§ Activity: Would it be possible to output exactly, and only, the lines below from the one holding "Science experiment" to the last line, both included, with every picture left out?

Image-caption web data:
------------------------------------------------
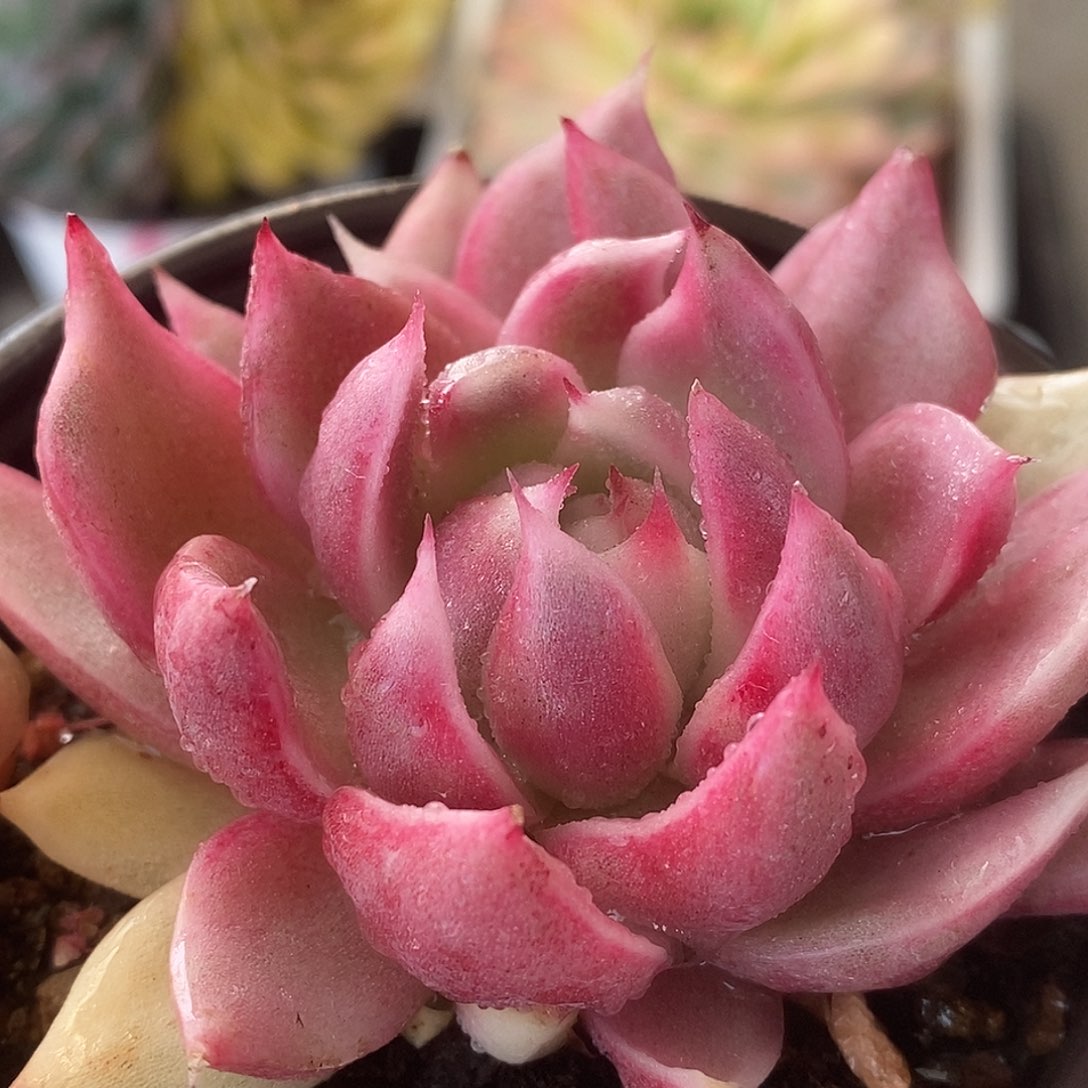 653玫瑰哈哈哈哈哈哈哈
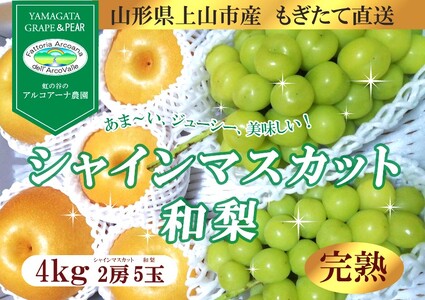 【直送便】完熟シャインマスカットと和梨セット（大）　0148-2510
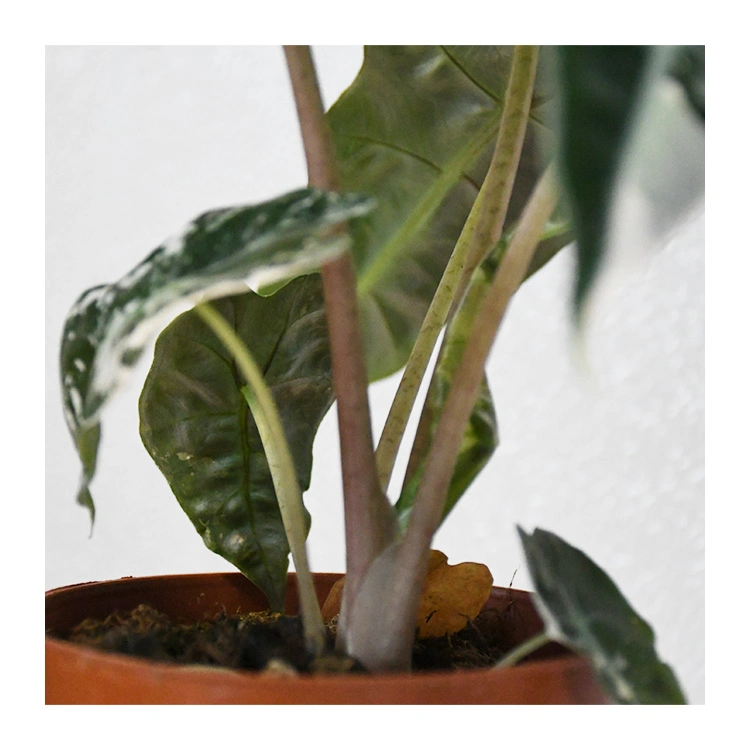 Rare Snow Fairy Alocasia Live Plant Bonsai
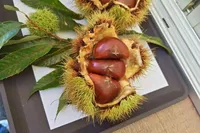 シルバーウィークに訪れました。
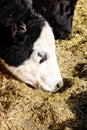 A white faced Black Angus cow. Royalty Free Stock Photo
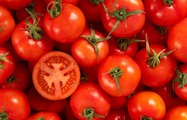 Ăn cà chua sống có tác dụng gì? Ăn cà chua sống thế nào là đúng cách?
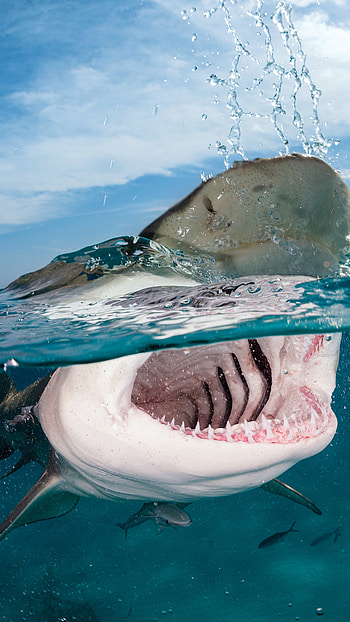 Indian Caribbean Atlantic, Caribbean Atlantic Ocean, Indian, Shark HD phone wallpaper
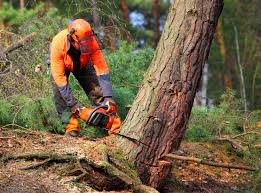 Best Tree Mulching  in Soledad, CA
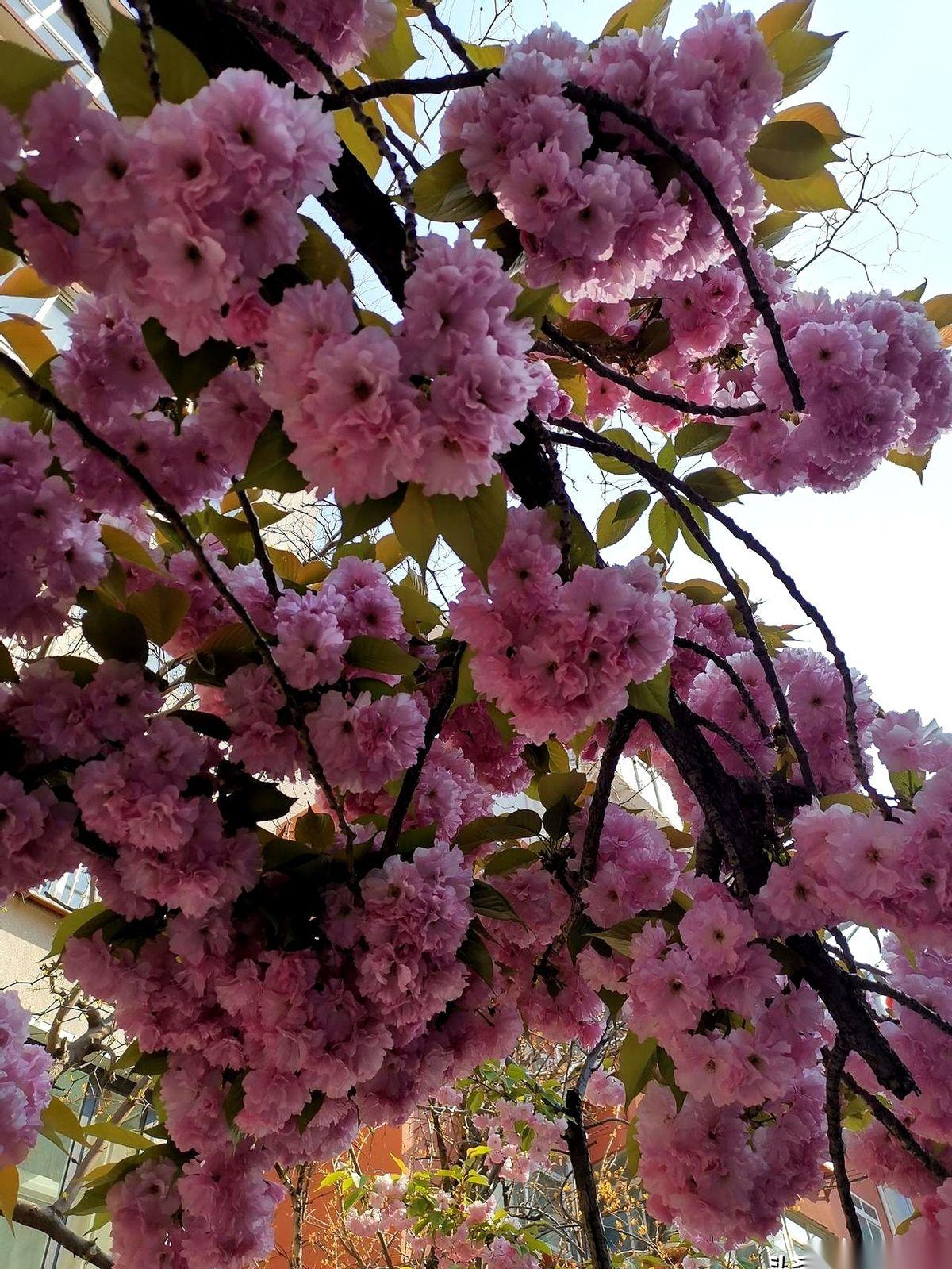 公交车门一开，我58岁的堂姐径直走了上去，手腕一翻，卡“嘀”的一声贴在机器上。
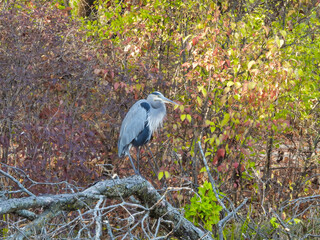 Great Blue Heron Bird Perched on a Fallen Tree on Lake Shore with Fall Colored Leaves in Background on a Beautiful October Autumn Day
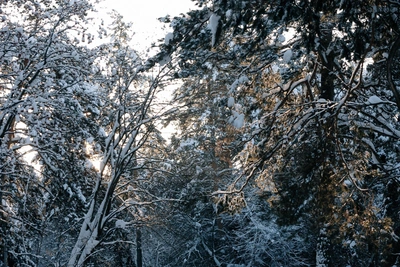 Экоактивисты: термальный комплекс угрожает Рудничному бору
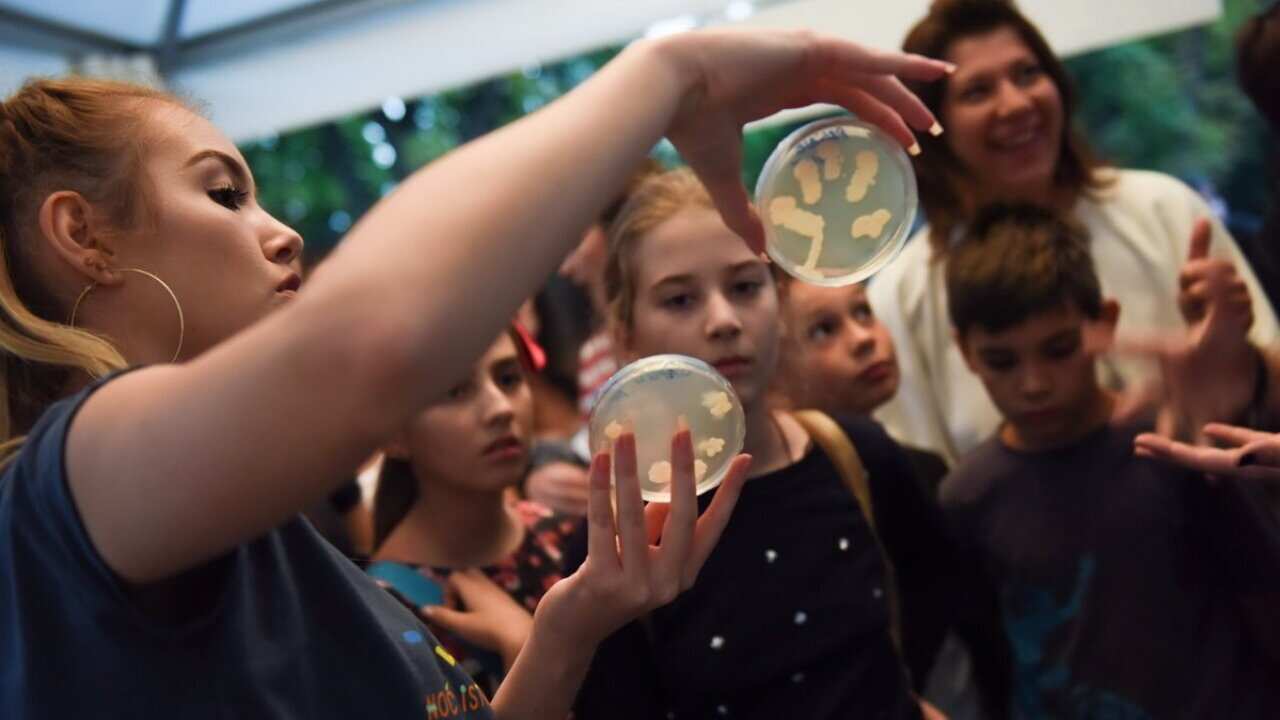 Science experiment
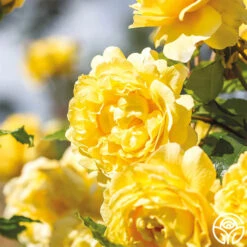 The Poet's Wife -Lovely Rose Shop The Poet s Wife 12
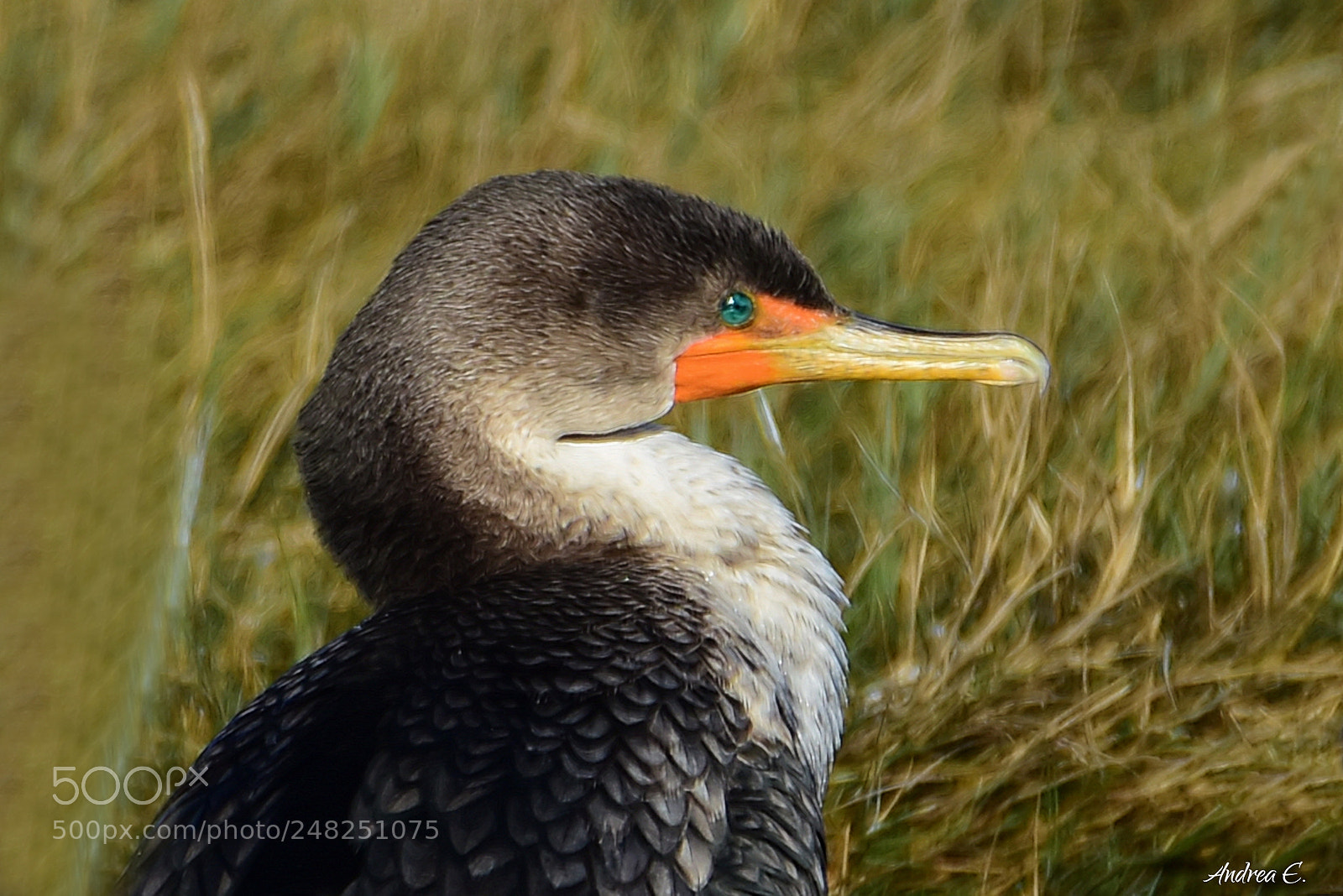 Nikon D7200 sample photo. Blue eyes - cormorant photography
------------------------------------------------
§ Problem solution:
 Science experiment
 The Poet's Wife -Lovely Rose Shop The Poet s Wife 12
 Nikon D7200 sample photo. Blue eyes - cormorant photography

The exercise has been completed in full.